= Notre Dame Institute for Global Investing =

Institute at the University of Notre Dame

The Notre Dame Institute for Global Investing (NDIGI) is a US-based educational institute that is part of the Mendoza College of Business at the University of Notre Dame. It aims to furthering investment-management research and educational outreach globally. It was established in 2015 with a $20 million gift from Jim Parsons and Dr. Carrie Quinn, both University of Notre Dame '96 graduates.

==History==
NDIGI was established in 2015 after Jim Parsons and Dr. Carrie Quinn, both University of Notre Dame '96 graduates, made a $20 million gift to the Mendoza College of Business. According to Crain's Chicago Business, the couple made the donation in hopes of furthering investment-management research and educational outreach globally.
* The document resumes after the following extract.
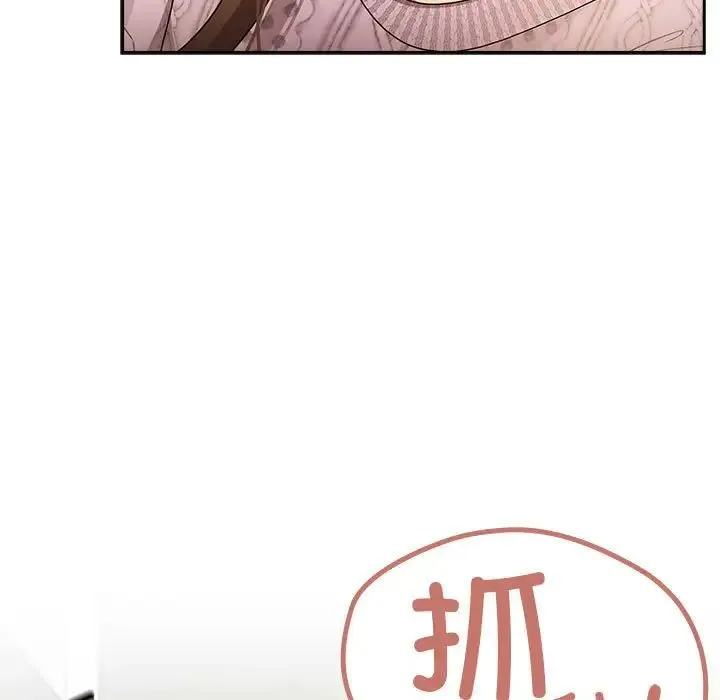 疫情下的家教生活 - 第85话 - page 127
NDIGI programs include curriculum, experiential learning, educational workshops and competitions, mentorship programs, and career placement for Notre Dame students.
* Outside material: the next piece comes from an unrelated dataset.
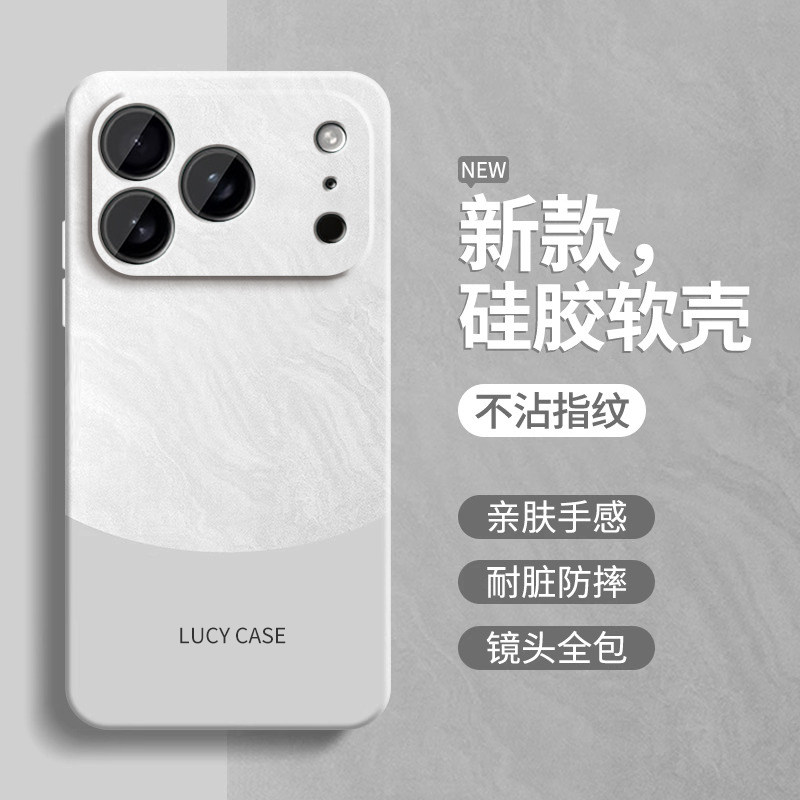 极简风适用苹果18ProMax手机壳iPhone18Pro保护套17e新款16Plus硅胶15全包14防摔13Mini男女air简约max外壳pm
== Founders and leadership ==
Parsons is the founder of Junto Capital Management, which is a New York City-based hedge fund sponsor, while Quinn is an assistant clinical professor of pediatrics at Mount Sinai Hospital and executive director of the hospital's Parenting Center. Kevin W. Burke, also a graduate of the University of Notre Dame, was named the first managing director of the NDIGI. He will collaborate with the institute's faculty director and Finance Professor Shane Corwin. Burke was previously a partner and member of the management committee at an investment based management firm, Conatus Capital, based in Greenwich, Connecticut.